Flora & Fauna Side A – hear it today!

At last, a seven-song mini-album which you can listen to with your ears! Right here. This weekend it’s exclusively on Bandcamp, where you can hear the songs in their entirety, download them in whichever format you like, and see the full lyrics and credits. As I’m still rather tired and beatific like a student after an all-nighter, let’s go full nerd and look at everything track by track:

1.Kingfishers Catch Fire 05:00
2.St. Cecilia Dream 01:25
3.Bestow 04:24
4.The New Direction 04:17
5.Purple Emperor 02:24
6.Charm of Goldfinches 03:03
7.Fledgling 03:44

1. Kingfishers Catch Fire

A small intake of breath, and we’re into the opening song.
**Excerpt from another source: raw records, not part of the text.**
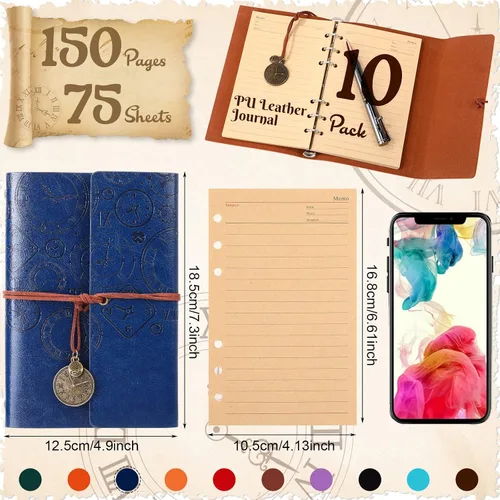 Miniatura 2 de Glenmal Paquete de 10 cuadernos de piel sintética recargables, diario de escritura de viaje, diario vintage, regalo de Navidad para mujeres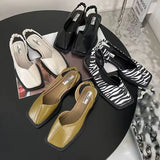 Dodobye Fashion Ladies Elastic Band Flat Heel Women Summer Elegant Ladies Sandals Shallow Party Shoes Square Heel Square Toe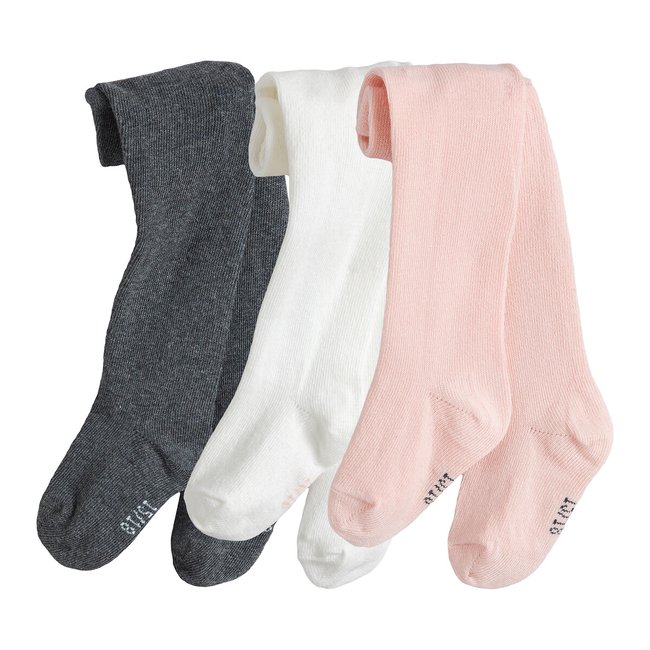 Confezione da 3 paia di collant ecru + rosa + antracite LA REDOUTE COLLECTIONS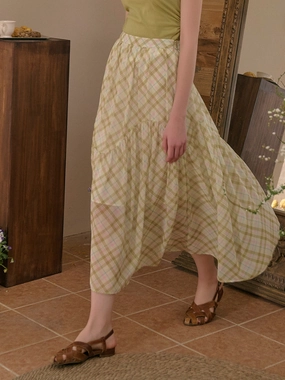 ??Final Sale??Lyric Plaid Patchwork Skirt Cooling Fabric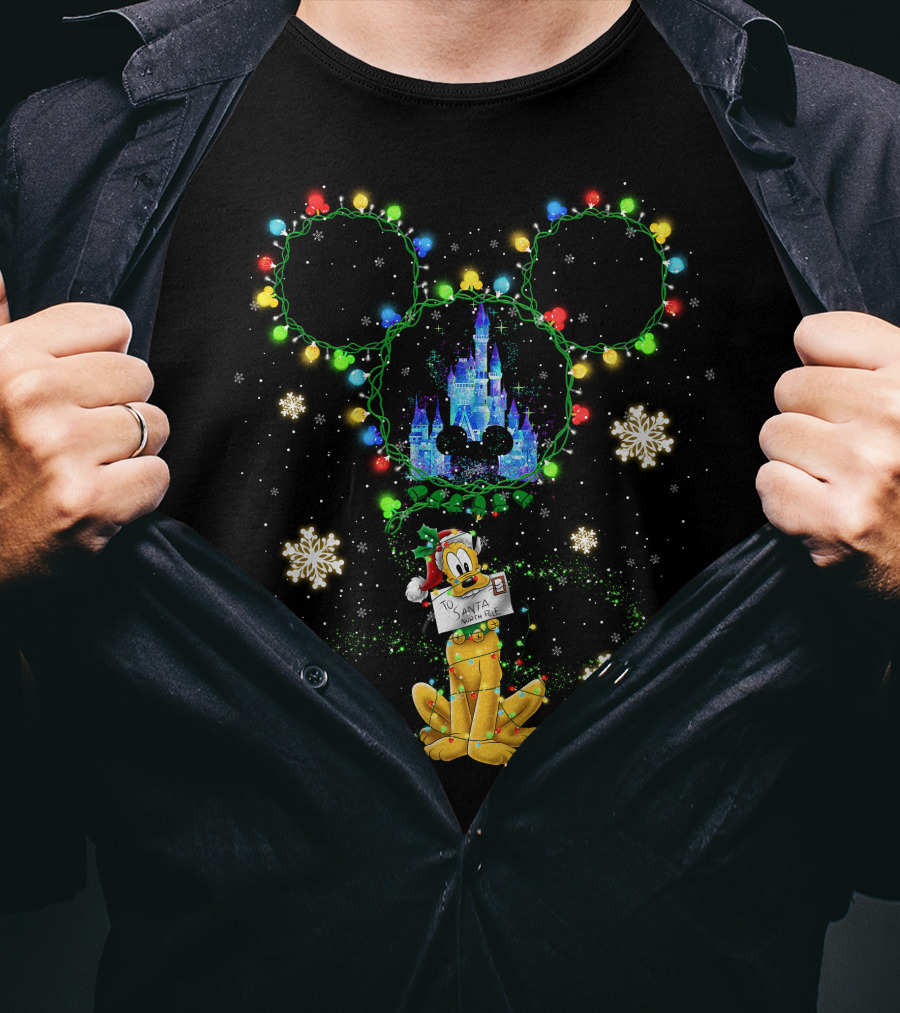 Pluto Santa Christmas Lights Mickey Head Castle Snowflakes T-Shirt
For the full story behind it, I refer you to last week’s blog.

2. St. Cecilia Dream

A short piece for string quartet – which actually turned out to be a virtual string quartet with three players, recording from Birmingham, Manchester and Bristol.

This album has a thread running through it about the patron saint of music. She was an Italian woman, & her story as it’s passed down is one of generosity to her community, unswerving dedication to who she was despite an arranged marriage (‘Mate we’re definitely not gonna be sleeping together, and you have to genuinely convert to my faith’ – paraphrase), and martyrdom at the hands of the authorities. What of that is true?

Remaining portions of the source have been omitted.